President Kaljulaid participates in military memorial service on Christmas Eve ({{contentCtrl.commentsTotal}})

At the memorial service, Dec. 24, 2016.
At the memorial service, Dec. 24, 2016. Source: (Arno Mikkor)

President Kersti Kaljulaid said on Saturday that she respected people’s wish and tradition to make the church part of their everyday lives, but that at the same time that she also understood the wish not to do so.

The president wrote on social media that she had participated in the yearly Christmas memorial service of the Estonian Defence Forces’ Headquarters Support and Signal Battalion and Guard Battalion. “When I’m invited, because those arranging it wish to do so, then of course I go. Today is one of these days,” Kaljulaid wrote.

She added that in her opinion, it wasn’t important who believed in what. What mattered was that there were many different world views.

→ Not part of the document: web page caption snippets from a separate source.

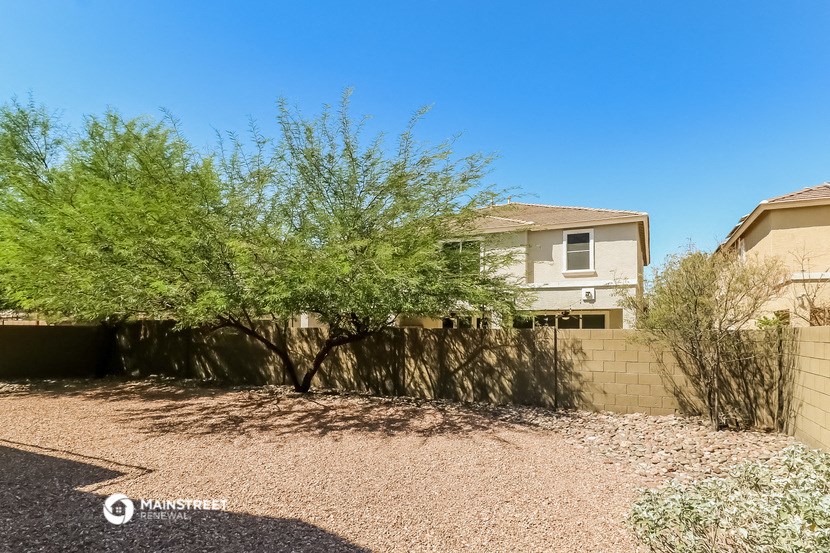 a home with a fence and a tree in front of it
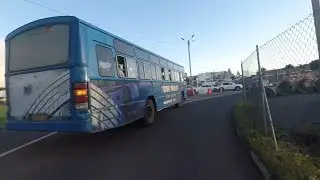 A bus driver uses wrong lane and throws water on a biker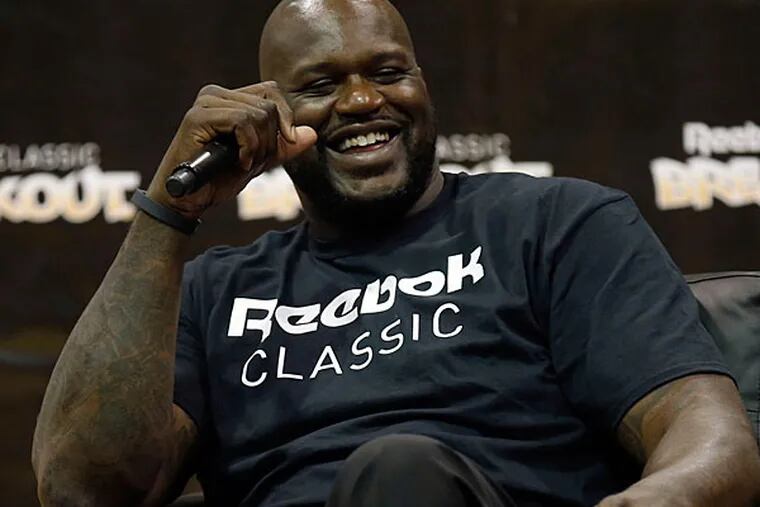 Former NBA player Shaquille O'Neal laughs during a panel discussion at the 2014 Reebok Classic Breakout. (Yong Kim/Staff Photographer)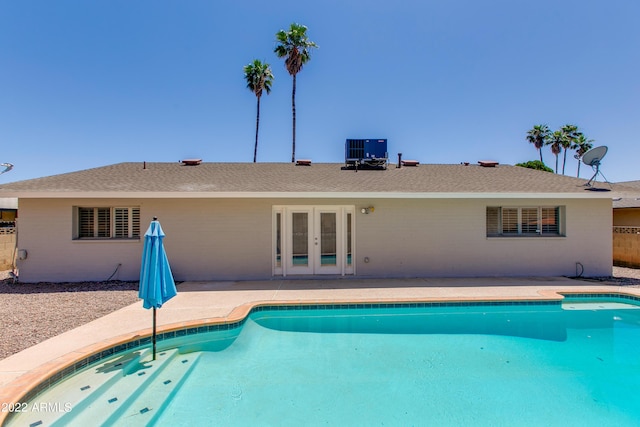 view of swimming pool featuring central AC and french doors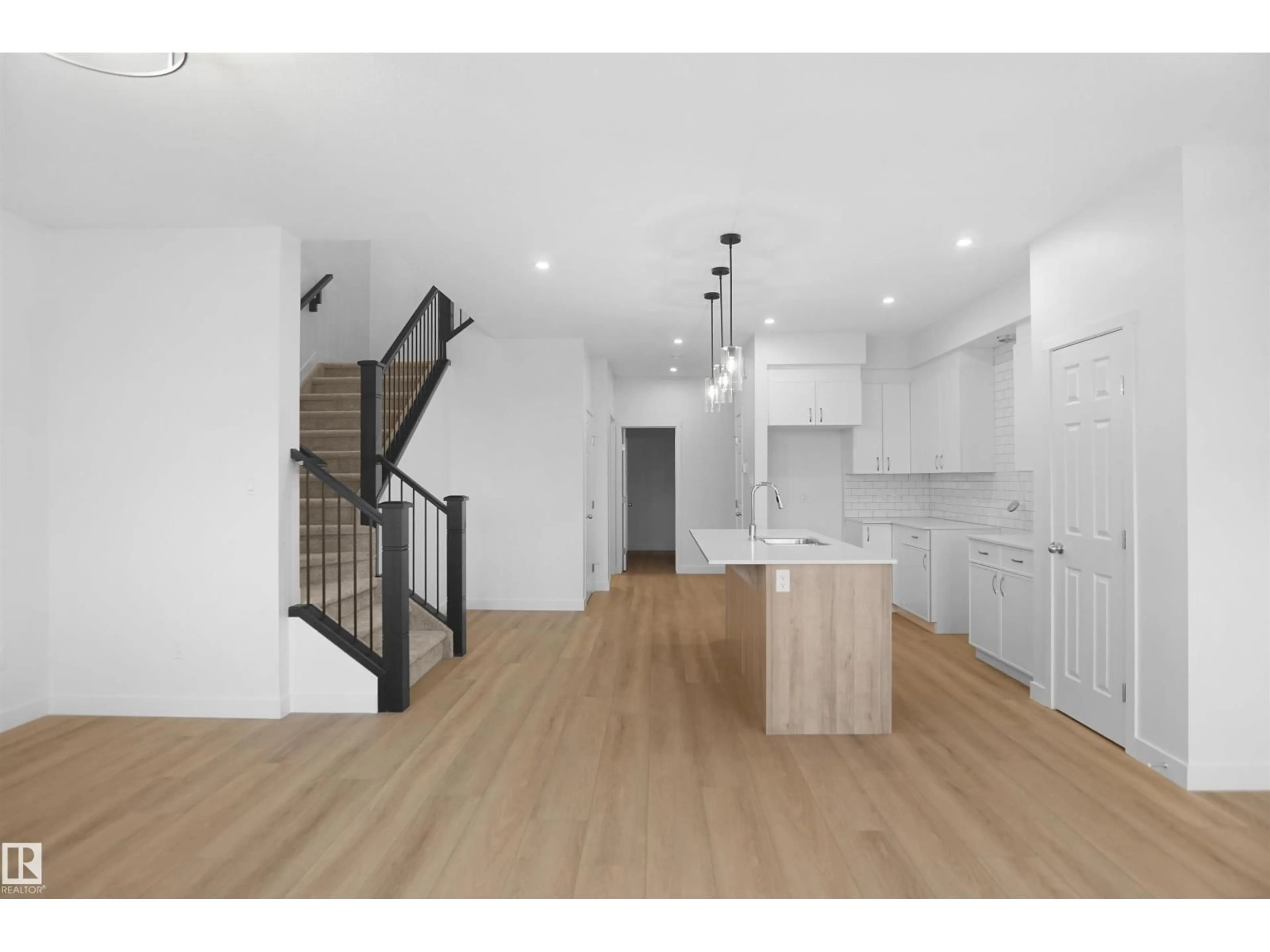 Open concept kitchen, wood/laminate floor for 19446 22A AV, Edmonton Alberta T6M1P9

“I have said this before: I respect people’s freedom of religion. I understand very well how important Christmas is to christians. And not only to christians, but also to plenty of other Estonians, who usually have much more reserved relations with religion. I respect the work the congregations do to help the weakest members of society. And I respect the wish and tradition to include the church in people’s everyday lives, just like I find the wish understandable not to do so. During Christmas as well as in other times,” Kaljulaid wrote.

The president had written earlier that her most important wish for Christmas was that everybody could spend this time with those closest to them, to spend time together, and do the things that mattered to them.

“There are always people who have to be at work on these days so that we can have peace of mind and celebrate the holidays. They have my sincere gratitude,” the president wrote.

Kaljulaid faced support as well as criticism after she declined to have her election and assumption of office followed by a church service, as her predecessors had done. As the church was not part of her everyday life, accepting would have been hypocritical, the president stated back then.

Estonia is the least religious country in the world, with as many as 84% of the population saying that religion plays little or no part in their daily lives.